小野:「私が議員になって何するの」と、最初は正直思いました。そこで気づいたのが、代々木の国立オリンピック記念青少年総合センターの老朽化です。当時、そこには中国残留孤児の皆さんが宿泊していたのですが、壁に寄り掛かると窓枠が落ちてしまうなど本当に危険な状態に陥っていました。そんな時、日本の戦後政策に率先して取り組まれていた末次一郎さんから「議員になって法律を作ればいい」と助言され、「確かにそうだな」と感じ、出馬を決意しました。選挙では、みなさんから67万441票いただいて当選。理事しか発言ができないとされていた文教委員会で思い切って5分だけ発言させてもらったところ、文部大臣だった塩川正十郎さんが「ようござんす」と(笑)。そこから改築が始まりました。
次の選挙では落選してしまいましたが、その後、「軍恩蓮全国連合会(軍恩連)」の代表として選挙に出てくれないかという話がありました。迷いましたが、戦争から引き揚げてこられた方や、未亡人の方の苦労を聞いて、自分がやらないわけにはいかないなという気持ちになりました。
私の人生はいつも「他動説」なんです。やらなくてはいけないことが目の前に出てきて、それをできるかどうか分からないけど、とにかく一生懸命やってみようという気持ちになって。人のために何かをやれるなら怖くない。そう思ってここまでやってきました。

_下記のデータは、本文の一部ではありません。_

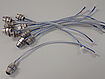 Assembled Phoenix connector M12 with Würth connector and plastic spiral.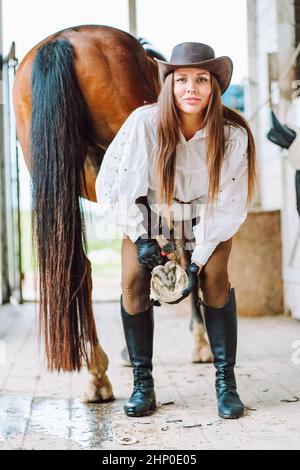 Vertikal lächelnd Pferdefrau Cowgirl, Bein. Sauber Schuh Hufpick, Reiten. Nahaufnahme Stockfoto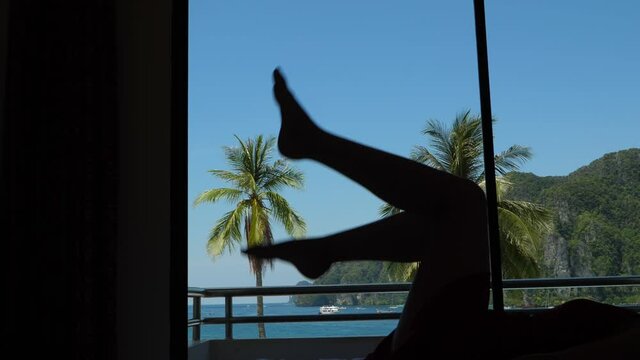 Woman lie on bed, raise up legs and wave feet, enjoy happy holidays time. Silhouetted shot against window, green palm trees and tropical sea bay seen outside. Handheld camera, slow motion shot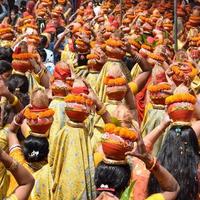 vrouwen met kalash op hoofd tijdens jagannath tempel mangal kalash yatra, indische hindoe toegewijden dragen aarden potten met heilig water met een kokosnoot erop foto
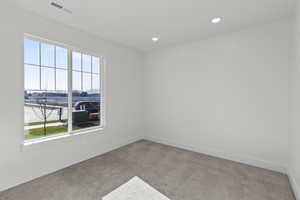 Empty room featuring carpet and recessed lighting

元川:政界引退後も、さまざまな場面で大活躍していますね。

小野:スポーツ振興くじの売り上げが次第に下がってしまい「あなたが作ったものなのだから責任を取ってください」と文部科学省の当時の担当者(銭谷眞美事務次官)から言われて、(独)日本スポーツ振興センターの理事長に就任しました。就任後、10年のスパンで赤字を黒字にしようと計画していたスポーツ振興くじを1年で黒字に転換させました。そして、今は(公財)笹川スポーツ財団の理事長として、スポーツ分野のシンクタンクとして、日本の将来像を見据えながら「国や地方自治体への政策提言」、「スポーツ振興機関への企画提案」を行っています。また、力を入れているのは1日15分間の運動で同規模の市町村のスポーツ参加率を競わせる「チャレンジデー」の普及・推進等の活動です。健康であることは「心身ともにさびしくない人生」を送れるということ。人は人にもまれて人になる。仲間と話せて笑いあえて初めて幸せになれます。その一歩として、1日15分の運動からスタートすればいいのです。自分がこのような活動をしているのも、1964年の東京オリンピックに出たからです。あの時の経験がなければ、今の自分はなかったと思います。

~小野清子さん インタビュー 完~
(インタビュアー:スポーツライター 元川悦子)
小野清子さん
小野 清子(おの きよこ)
1936年宮城県岩沼市生まれ。東京教育大学(現・筑波大学)卒業後、慶応義塾大学体育研究所に所属。1960年ローマ大会、1964年東京大会の2大会連続オリンピックに出場し、東京大会では女子体操団体で銅メダルを獲得。引退後は参議院議員などを務め、「サッカー法」成立に尽力。2008年に旭日大綬章受章。